# AIM OF THE EXERCISE:
Where the string "about" occurs in a line of the entries below, copy that line.

==*==

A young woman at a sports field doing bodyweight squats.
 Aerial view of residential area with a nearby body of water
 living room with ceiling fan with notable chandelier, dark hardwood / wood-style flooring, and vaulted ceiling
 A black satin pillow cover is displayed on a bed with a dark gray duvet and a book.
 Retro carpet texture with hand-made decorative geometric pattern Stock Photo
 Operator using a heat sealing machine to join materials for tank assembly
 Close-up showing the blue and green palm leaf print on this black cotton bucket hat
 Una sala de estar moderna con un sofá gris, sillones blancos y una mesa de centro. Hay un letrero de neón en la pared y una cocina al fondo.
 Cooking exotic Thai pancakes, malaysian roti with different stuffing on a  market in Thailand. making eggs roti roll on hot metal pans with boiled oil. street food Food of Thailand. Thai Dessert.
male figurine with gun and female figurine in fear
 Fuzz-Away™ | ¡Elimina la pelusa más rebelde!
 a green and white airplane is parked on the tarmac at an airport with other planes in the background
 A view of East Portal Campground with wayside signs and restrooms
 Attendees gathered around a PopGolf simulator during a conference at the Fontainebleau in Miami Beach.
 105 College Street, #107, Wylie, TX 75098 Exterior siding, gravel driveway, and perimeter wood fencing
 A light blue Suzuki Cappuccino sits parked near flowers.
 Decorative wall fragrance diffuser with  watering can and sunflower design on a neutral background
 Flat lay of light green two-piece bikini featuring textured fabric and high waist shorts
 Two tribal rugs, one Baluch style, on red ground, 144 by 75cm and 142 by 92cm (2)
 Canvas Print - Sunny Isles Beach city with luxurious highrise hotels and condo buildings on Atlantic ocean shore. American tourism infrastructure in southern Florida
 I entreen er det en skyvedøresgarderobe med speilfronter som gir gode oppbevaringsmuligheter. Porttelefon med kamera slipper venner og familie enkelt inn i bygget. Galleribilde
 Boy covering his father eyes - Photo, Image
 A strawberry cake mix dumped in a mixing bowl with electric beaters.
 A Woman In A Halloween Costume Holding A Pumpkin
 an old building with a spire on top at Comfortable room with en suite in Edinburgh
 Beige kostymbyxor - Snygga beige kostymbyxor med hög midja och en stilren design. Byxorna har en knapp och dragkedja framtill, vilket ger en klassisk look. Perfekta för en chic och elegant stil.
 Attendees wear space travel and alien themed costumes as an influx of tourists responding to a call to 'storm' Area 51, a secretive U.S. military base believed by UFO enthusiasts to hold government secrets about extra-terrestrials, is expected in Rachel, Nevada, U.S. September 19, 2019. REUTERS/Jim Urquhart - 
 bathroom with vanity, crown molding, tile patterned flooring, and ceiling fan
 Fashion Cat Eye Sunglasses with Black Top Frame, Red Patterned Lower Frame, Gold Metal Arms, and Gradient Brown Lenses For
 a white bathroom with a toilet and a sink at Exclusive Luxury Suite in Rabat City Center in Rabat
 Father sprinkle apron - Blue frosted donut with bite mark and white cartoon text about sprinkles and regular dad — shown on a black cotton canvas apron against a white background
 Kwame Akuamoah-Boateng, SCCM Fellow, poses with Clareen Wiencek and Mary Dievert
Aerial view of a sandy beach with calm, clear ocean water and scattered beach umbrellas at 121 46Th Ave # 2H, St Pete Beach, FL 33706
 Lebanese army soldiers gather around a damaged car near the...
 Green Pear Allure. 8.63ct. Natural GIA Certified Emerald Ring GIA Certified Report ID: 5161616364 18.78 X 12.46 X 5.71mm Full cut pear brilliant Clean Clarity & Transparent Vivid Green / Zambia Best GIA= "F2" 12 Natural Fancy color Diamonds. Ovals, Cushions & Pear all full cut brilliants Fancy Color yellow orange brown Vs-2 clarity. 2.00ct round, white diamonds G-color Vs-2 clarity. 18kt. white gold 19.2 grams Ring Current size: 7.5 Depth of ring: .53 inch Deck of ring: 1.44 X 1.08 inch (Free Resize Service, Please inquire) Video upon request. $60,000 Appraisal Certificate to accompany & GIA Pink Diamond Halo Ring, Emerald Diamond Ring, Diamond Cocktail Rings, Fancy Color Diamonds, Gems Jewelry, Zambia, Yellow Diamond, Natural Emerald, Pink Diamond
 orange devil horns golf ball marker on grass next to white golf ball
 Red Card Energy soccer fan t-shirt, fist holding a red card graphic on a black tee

==*==

# EXERCISE ANSWER:
 Attendees wear space travel and alien themed costumes as an influx of tourists responding to a call to 'storm' Area 51, a secretive U.S. military base believed by UFO enthusiasts to hold government secrets about extra-terrestrials, is expected in Rachel, Nevada, U.S. September 19, 2019. REUTERS/Jim Urquhart - 
 Father sprinkle apron - Blue frosted donut with bite mark and white cartoon text about sprinkles and regular dad — shown on a black cotton canvas apron against a white background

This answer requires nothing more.